## Problem to work on:
Below are the entries; give again exactly the lines from the one mentioning "Abalorios de coco" through the one mentioning "Crown Back Stacking", inclusive.

## Information provided:
____________

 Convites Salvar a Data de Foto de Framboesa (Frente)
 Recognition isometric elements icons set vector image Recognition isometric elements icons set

____________

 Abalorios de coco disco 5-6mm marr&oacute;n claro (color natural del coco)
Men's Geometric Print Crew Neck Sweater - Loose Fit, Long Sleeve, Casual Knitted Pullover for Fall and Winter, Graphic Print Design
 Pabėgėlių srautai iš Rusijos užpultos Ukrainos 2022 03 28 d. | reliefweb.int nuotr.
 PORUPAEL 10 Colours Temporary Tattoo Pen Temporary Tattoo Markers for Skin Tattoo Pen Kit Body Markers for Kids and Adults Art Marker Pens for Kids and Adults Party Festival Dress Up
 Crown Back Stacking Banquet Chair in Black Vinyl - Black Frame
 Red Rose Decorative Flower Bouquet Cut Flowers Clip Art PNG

____________

## Solution for this task:
 Abalorios de coco disco 5-6mm marr&oacute;n claro (color natural del coco)
Men's Geometric Print Crew Neck Sweater - Loose Fit, Long Sleeve, Casual Knitted Pullover for Fall and Winter, Graphic Print Design
 Pabėgėlių srautai iš Rusijos užpultos Ukrainos 2022 03 28 d. | reliefweb.int nuotr.
 PORUPAEL 10 Colours Temporary Tattoo Pen Temporary Tattoo Markers for Skin Tattoo Pen Kit Body Markers for Kids and Adults Art Marker Pens for Kids and Adults Party Festival Dress Up
 Crown Back Stacking Banquet Chair in Black Vinyl - Black Frame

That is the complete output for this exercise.